Dileğim ve inancım, gelecek sezon çok daha güçlü bir destekle geri dönmeleridir. Bu kulübü yönetenlere mesajım; gidiş gelişleriniz sizin olsun; artık gerçekleri görün.
Maça gelince; gazeteci yazar, çizer, yorum yapar.
“Trabzonspor’un sezonun kalan bölümünde üç önemli maç var, biri ligde Galatasaray, diğer ikisi hafta içinde kupada Göztepe ile oynayacağı yarı final müsabakası ve turu geçerse, UEFA yolunu açacak final sınavıdır” der.
Lakin futbolcu böyle düşünemez. Onların görevi aldığı milyonlarca euronun karşılığını vermek ve taraftarı memnun etmektir. Rakibi küçümsemek işe ihanettir.
Neydi Adana Demirspor karşısındaki halleri? Yarıdan fazlası gencecik çocuklardan oluşan rakip önündeki acizlikleri?
Yapmaları gerekeni illa teknik direktörleri Fatih Tekke mi anlatacaktı? Aklı çalışan, baskı kurar, golleri atar, fişi çeker ve kalan bölümde yedek kulübesindeki arkadaşlarına ter antrenmanı yaptırırdı.
Burada taktikten, kurgudan söz etmek saflıktır. En çok canı sıkılan da, söyledikleri kulak ardı edilen kuşkusuz Fatih Hoca’dır.
İlk yarıda Visca’nın ortasında kalecinin müdahalesi ve uzatma dakikalarındaki köşe atışında Banza’nın kafa vuruşuyla attığı gol.
Ya Demirspor’un pozisyonları? Tehlike seviyeleri alarm düzeyinde değildi ama rakibi bu bölgeye kadar sokmak bile maç özelinde eleşti konusudur.
Fatih Tekke’nin yaptığı değişiklikler ilk bölümü telafi etme niyetindeydi. Pozisyon vardı, sonuç yoktu. Aksiyon vardı, gol yoktu. Niyet vardı, karşılığı yoktu.
Demirspor ikinci yarıda dik durdu, mücadele etti, direndi puan alabilmek adına son dakikaya dek fırsat kolladı.

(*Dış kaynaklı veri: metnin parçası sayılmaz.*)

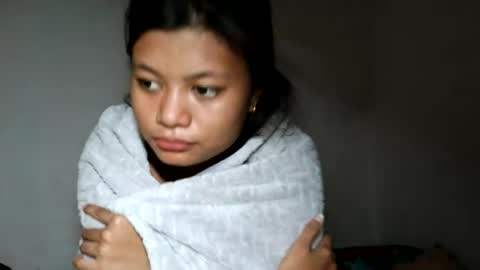 Snapshot of ursweetereca18 chatting on June 2026 01:50:02 PM ERECA online show from June 2026 01:50:02 PM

Hissiyatımı söylüyorum; beraberlik Trabzonsporlu oyuncuların umurunda olmazdı.
Böyle rakip önünde coşku yaratamıyorsan, kazanma isteğini yansıtamıyorsan, yarına dair nasıl umut vereceksin?
Yazımın başında, üç kritik maçtan söz ettim. Kusura bakmayın da, bu zihniyet hiç birine yetmez.
Futbol sadece sahada oynanmıyor. Yani skor üzerine yoğunlaşamayız. Trabzonspor, dört büyükler arasında en büyük borç yüküne sahip ilk kulüp. Bunu devletin resmi kaynakları ortaya koyuyor.
Öngörüm; Trabzonspor sezonu kupasız tamamlar ve seneye Avrupa bileti alamazsa, bir felaketin eşiğine gelmiş demektir!